うお座
重力喪失!
翼を生やして
今週のうお座は、「春の家裏から押せば倒れけり」(和田悟朗)という句のごとし。あるいは、重いものをトンと軽く壊して前に進んでいくような星回り。
なんという薄っぺらな家かと思うけれど、人間がつくったものは家であれ制度であれ、あまり過信してはいけないし、あらかじめ「押せば倒れる」ものだと考えておくのは、ある意味で現実的な態度と言える。
ちなみに今手もとにある歳時記には「春の家」という言葉は入っておらず、おそらく伝統的な季語でもないだろう。
大地がぬかるんだ泥にかえり不安定になる春という語の感じを踏まえると、「春の家」の奥には上ずった感じのウキウキ感と、動かないはずのものが動いてしまうという驚きとが、ないまぜとなって同居しているように思われる。

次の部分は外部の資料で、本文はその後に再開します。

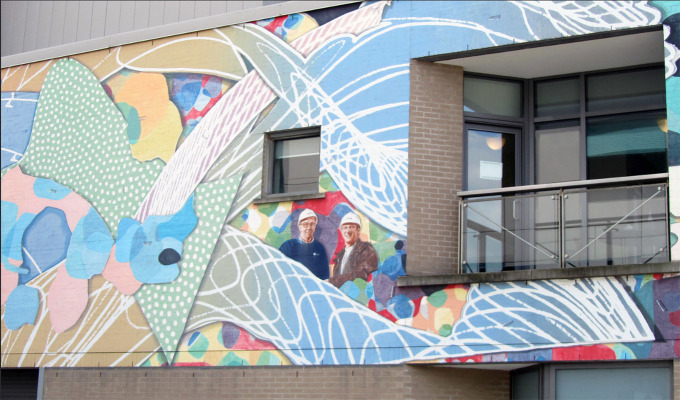 Mural on the rear of the Princess of Wales Theatre featuring Frank Stella and David Mirvish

一種の現代の、そして今の日本社会の寓話ともとれる一句だが、今のうお座であればこれくらいの感覚でいるくらいがちょうどいいのかも知れない。
3月3日にふたご座で上弦の月(行動の危機=今動いてナンボ)を迎えていく今週のあなたには、さながら重力を失ったかのように軽やかに既存の現実を飛び越えていってほしい!
「ムーンリバー」
ときどき、この世界で起きた何もかもが夢なんじゃないか、そんなふうに思えてくることはないでしょうか。

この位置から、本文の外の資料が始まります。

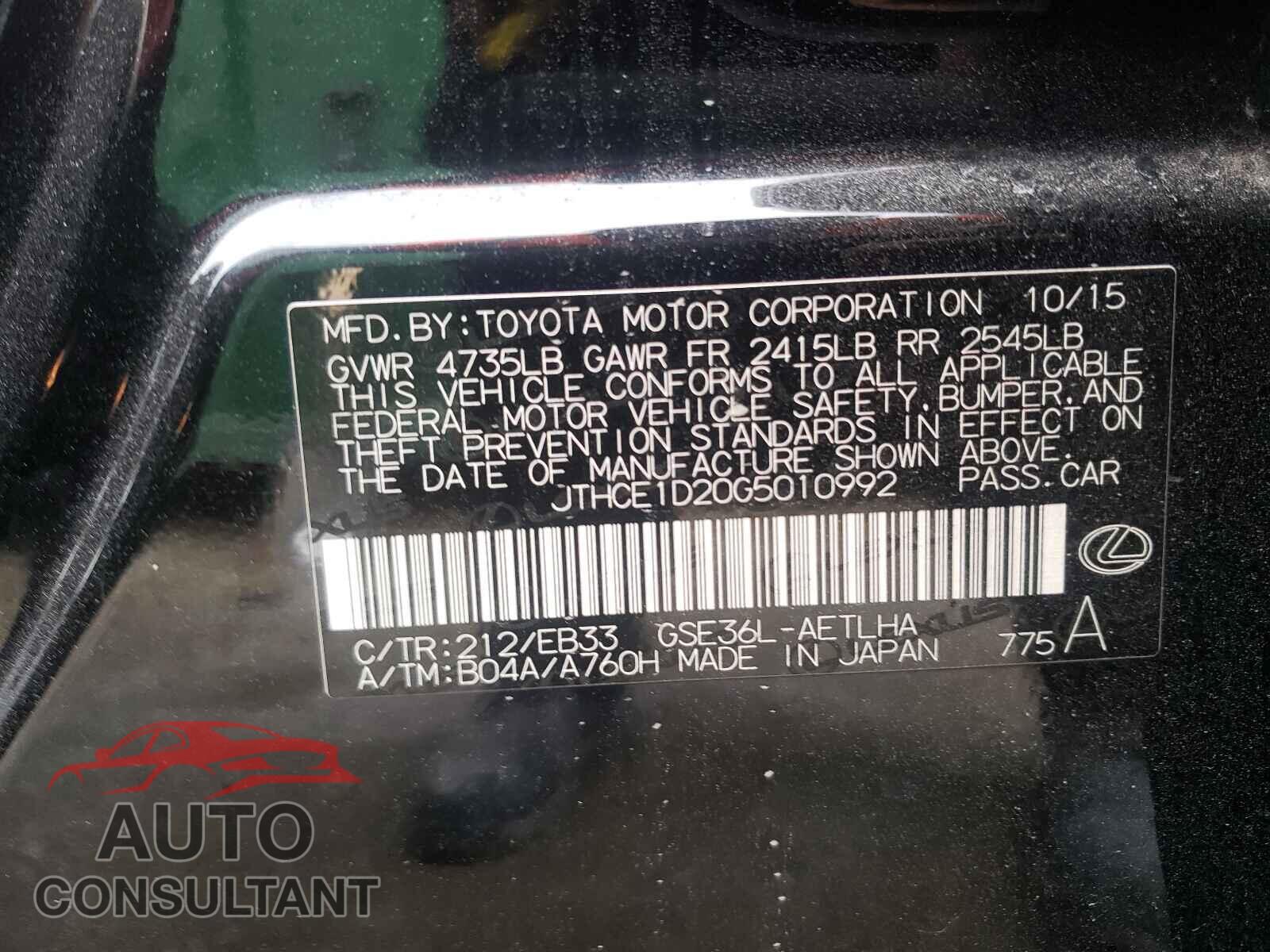 LEXUS IS 2016 - JTHCE1D20G5010992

けれど、そんな時に見上げた夜空に浮かぶ月を見ていると、そのあまりの生々しさに心打たれて、これだけは間違いなくリアルなんじゃないかと思えてくる。他の何もかもが信じられなくても、これだけは信じてもいいのかも知れないと。
「ムーンリバー」を作詞したジョニー・マーサーも、おそらくそんな感覚を思い浮かべながら歌詞を書いたのではないかと思います。以下は曲の出だし部分の抜粋です。
「Moon river, wider than a mile(ムーン・リバー、この広く果てしない川よ) I’m crossing you in style some day(いつの日か、あなたを颯爽と渡ってみせる) Oh, dream maker, you heart breaker(ああ夢を見させもすれば、心を砕きもする) Wherever you’re going I’m going your way(あなたが行くところならどこへでも、私はついて行く)」
ここでは世の中の基準や、よいとか悪いとか決めつけられ、頭で意味づけられる以前のナマの世界に生きているもう一人の<私>として「ムーン・リバー」が登場してきているように思えます。今週のうお座もまた、そんな川の流れの一部となったつもりで過ごしてみるといいでしょう。